I agree, being backed by a social media network counts for a lot, I will read your post later.

The reason crypto is still considered high risk investment (and should be for portfolio building purposes) is because the technology is still in very early stages, some of these coins are basically nothing more than white paper promises. Even on the bitcoin github it still says "Bitcoin is an experimental digital currency".

This is the reason I believe Bitcoin is increasing in price, the longer it operates without compromise the more it has proven itself the less risky it becomes. Most coins have not proven anything and if recent events in the security scene has shown us anything it is just a matter of time before the weaker coins fail to security flaws (we have seen this already).

The bubble talk should only be for short term traders. I am not concerned with bubble talk at all. In 10 years this will be nothing more than a little blip on graph.

I agree.

"Most coins have not proven anything and if recent events in the security scene has shown us anything it is just a matter of time before the weaker coins fail to security flaws (we have seen this already)."

That's why I think a lot of alts will die off, leaving only the strong.
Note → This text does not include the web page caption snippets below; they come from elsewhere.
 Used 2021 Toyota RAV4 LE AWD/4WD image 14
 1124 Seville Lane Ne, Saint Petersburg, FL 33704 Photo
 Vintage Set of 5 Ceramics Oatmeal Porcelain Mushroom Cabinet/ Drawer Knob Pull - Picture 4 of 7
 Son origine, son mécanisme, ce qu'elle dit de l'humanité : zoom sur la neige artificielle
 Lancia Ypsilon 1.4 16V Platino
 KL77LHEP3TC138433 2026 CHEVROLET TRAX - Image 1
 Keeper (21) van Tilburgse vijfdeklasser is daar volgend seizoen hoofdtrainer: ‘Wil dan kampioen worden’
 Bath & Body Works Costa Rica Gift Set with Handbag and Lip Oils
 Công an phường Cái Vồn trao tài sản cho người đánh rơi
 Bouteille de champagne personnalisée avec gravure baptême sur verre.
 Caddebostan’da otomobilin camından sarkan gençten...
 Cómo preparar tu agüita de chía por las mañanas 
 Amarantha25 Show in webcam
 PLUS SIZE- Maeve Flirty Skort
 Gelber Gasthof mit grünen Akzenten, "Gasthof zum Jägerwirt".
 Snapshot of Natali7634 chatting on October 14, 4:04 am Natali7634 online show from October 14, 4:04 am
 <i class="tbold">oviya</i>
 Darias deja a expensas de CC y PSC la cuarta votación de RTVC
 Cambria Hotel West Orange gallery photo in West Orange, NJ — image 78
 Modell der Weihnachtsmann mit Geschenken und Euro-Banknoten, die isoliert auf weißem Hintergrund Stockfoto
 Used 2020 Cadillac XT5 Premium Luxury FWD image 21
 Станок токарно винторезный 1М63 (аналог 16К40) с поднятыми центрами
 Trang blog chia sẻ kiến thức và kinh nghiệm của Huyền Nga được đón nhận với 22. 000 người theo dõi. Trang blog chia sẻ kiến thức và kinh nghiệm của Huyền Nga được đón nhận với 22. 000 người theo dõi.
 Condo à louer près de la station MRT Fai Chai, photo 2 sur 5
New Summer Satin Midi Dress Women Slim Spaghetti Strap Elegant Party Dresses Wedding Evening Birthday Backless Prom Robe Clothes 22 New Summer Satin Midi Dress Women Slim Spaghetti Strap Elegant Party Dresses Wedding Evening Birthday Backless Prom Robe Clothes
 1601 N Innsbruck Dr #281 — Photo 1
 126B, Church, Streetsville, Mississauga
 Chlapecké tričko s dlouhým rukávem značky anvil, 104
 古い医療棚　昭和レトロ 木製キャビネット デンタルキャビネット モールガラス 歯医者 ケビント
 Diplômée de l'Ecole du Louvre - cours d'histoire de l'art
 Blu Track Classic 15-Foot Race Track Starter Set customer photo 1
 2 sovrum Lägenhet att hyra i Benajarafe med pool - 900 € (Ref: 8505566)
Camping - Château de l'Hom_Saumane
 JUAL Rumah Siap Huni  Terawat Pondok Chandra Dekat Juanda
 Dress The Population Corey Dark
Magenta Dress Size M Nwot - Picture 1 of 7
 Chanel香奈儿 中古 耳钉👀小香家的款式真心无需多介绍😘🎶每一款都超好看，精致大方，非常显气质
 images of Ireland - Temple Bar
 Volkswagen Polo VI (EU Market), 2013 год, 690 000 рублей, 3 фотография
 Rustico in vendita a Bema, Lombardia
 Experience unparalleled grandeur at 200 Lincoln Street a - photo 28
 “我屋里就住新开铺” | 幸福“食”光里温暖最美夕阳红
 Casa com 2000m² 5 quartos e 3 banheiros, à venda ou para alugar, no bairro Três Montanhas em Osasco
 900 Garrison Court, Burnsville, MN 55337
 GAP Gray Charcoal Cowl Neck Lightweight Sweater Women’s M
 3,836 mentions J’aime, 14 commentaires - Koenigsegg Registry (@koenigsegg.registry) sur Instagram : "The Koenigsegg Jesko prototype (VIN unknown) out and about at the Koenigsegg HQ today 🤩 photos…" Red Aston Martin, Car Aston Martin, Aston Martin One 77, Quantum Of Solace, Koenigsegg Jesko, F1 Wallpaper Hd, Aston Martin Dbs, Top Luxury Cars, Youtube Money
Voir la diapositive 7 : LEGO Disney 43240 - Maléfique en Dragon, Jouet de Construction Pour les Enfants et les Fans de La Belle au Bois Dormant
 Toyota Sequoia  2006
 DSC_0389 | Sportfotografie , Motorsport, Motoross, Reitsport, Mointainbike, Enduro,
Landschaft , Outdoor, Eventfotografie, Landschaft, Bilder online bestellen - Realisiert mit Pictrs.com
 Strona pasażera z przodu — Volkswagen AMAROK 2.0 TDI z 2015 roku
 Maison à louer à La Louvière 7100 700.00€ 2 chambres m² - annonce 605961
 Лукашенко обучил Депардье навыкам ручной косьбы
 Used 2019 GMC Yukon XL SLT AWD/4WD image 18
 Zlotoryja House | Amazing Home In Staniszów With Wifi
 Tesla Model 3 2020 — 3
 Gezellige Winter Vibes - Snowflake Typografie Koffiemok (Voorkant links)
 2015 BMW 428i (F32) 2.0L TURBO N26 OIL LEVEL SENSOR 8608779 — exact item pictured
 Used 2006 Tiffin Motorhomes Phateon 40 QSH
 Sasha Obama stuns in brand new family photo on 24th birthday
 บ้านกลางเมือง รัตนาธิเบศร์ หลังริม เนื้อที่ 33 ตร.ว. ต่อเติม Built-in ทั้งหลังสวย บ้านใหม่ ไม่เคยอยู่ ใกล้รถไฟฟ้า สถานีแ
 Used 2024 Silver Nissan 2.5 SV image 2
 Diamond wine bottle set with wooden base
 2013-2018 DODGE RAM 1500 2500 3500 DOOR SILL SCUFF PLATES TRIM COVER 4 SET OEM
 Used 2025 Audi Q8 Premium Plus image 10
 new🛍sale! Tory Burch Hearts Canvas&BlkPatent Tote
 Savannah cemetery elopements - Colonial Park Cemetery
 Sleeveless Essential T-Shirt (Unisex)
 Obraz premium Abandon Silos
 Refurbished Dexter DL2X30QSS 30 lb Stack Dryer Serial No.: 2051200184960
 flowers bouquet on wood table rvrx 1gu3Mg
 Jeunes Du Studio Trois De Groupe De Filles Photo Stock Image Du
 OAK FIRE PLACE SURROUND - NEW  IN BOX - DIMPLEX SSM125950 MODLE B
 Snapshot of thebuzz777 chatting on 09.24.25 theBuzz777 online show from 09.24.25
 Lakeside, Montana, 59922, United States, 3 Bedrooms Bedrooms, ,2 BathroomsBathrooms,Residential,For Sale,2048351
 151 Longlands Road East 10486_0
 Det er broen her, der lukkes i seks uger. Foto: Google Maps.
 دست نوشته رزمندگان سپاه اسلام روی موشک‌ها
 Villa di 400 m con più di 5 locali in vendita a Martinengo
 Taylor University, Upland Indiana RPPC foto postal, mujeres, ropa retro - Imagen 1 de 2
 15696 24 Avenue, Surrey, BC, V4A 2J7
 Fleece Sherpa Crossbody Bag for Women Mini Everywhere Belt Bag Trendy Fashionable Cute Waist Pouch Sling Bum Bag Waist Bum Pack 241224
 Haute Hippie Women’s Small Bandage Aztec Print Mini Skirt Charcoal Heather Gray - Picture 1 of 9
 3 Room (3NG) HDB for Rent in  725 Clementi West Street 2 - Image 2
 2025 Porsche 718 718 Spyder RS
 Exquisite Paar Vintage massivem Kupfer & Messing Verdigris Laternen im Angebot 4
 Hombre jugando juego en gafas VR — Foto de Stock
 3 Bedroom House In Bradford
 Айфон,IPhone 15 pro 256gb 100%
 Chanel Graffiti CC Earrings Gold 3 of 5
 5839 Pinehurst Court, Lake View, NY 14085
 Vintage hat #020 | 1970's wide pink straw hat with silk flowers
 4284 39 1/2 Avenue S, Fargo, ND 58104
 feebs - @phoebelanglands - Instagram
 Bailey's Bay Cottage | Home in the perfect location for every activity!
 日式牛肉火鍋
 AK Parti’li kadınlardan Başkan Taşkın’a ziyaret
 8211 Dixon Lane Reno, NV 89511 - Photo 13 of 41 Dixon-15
There's also far too many of them, seems like there's new ones springing up daily, traders will get sick of it and stick to only the well-known, well-established. Unless they have something behind them like Steem.

Insightful article. I liked the line "but most of the problems fiats have, we don't. " and they way you used "we" for cryptocurrencies ;)

Feels bad to see that this article has only 4 upvotes. Upvoting and reposting. Keep such good articles coming.

Hey thanks, it's nice knowing at least someone's reading.

Waiting for Hyperbitcoinisation.

I don't know what that means...so I'll just nod and say "yep, me too".

Ah, I get it, thanks for clarifying.